Arizona runs a offense that while not wide spread in the NFL, does run concepts and individual plays that you would find teams running on Sundays. Regardless of their offensive system, the skills wide receivers use to create space, run routes, catch, and block are universal. Its up to us as evaluators to determine what they are best at and what role they can make the biggest impact at.
Receivers are one of the tougher positions to analyze off of (non-coaches) tape because so much of what they do is away from the ball and not the focal point of the camera man. This in turn will require lots of focus on our part to determine what they are doing when we can see everything they can do and when we are missing a piece due to them being away from the play. Feel free to leave your observations and check out all the 2012 prospects from our videos at Mocking the Draft's Prospect Video Library.

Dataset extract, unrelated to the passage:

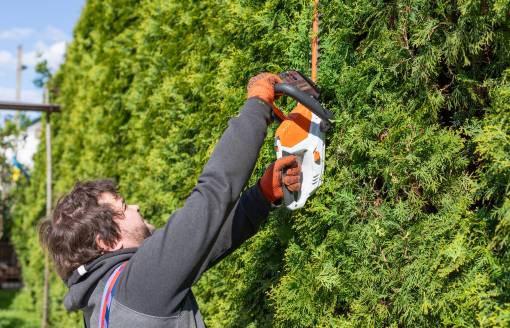 A Man Trimming a high hedges with hedges trimmer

- Juron is a tall, lanky, strider. Not the quickest off the line, but good downhill speed.
- It appears as though wide receivers are asked to take defenders out of the play by pretending to run routes instead of straight up blocking.
- Criner gets a WR sweep call to the far side of the field, but he is hit, and not wrapped up by Vontaze Burfict behind the line. Criner stays on his feet, but can't recover fast enough to gain any yards.
- He shows an ability to make the first tackler miss, but he seems to leave his feet often and goes down quickly after that.
- Catches the ball with his hands instead of letting into his body.
- Of his six catches, four of them are quick screens used to get him in space and make a play. He gains 15 yards, no touchdowns.
- On his four targets down the field, Criner catches two for 80 yards and two touchdowns,
- On one target, the defend has better positioning, but Criner does a good job of playing defense and not drawing an offensive pass interference call.
- His first touchdown catch is very fun to watch. He pulls a double move and beats the corner and safety to the back corner of the end zone. Juron makes a driving catch that would have been a TD in the NFL as well.
- The second touchdown catch is a deep floater. It hangs a little too long in the air, but the defender miss times his jump and Criner is able to high point the ball and run untouched to the end zone.
This is a nice performance by Criner, a 6'4'' 210lbs athletic receiver. Arizona's offensive uses the quick screens to open up the down field passing game, but it doesn't utilize Criner's size mismatch as often as you'd think. He's not a quick twitch athlete from what we can see in this game, which doesn't make him ideal for the screen game. He needs some work with technique and route running, but his excellent size combined with great hands is evidence of the kind of impact he can have at the next level.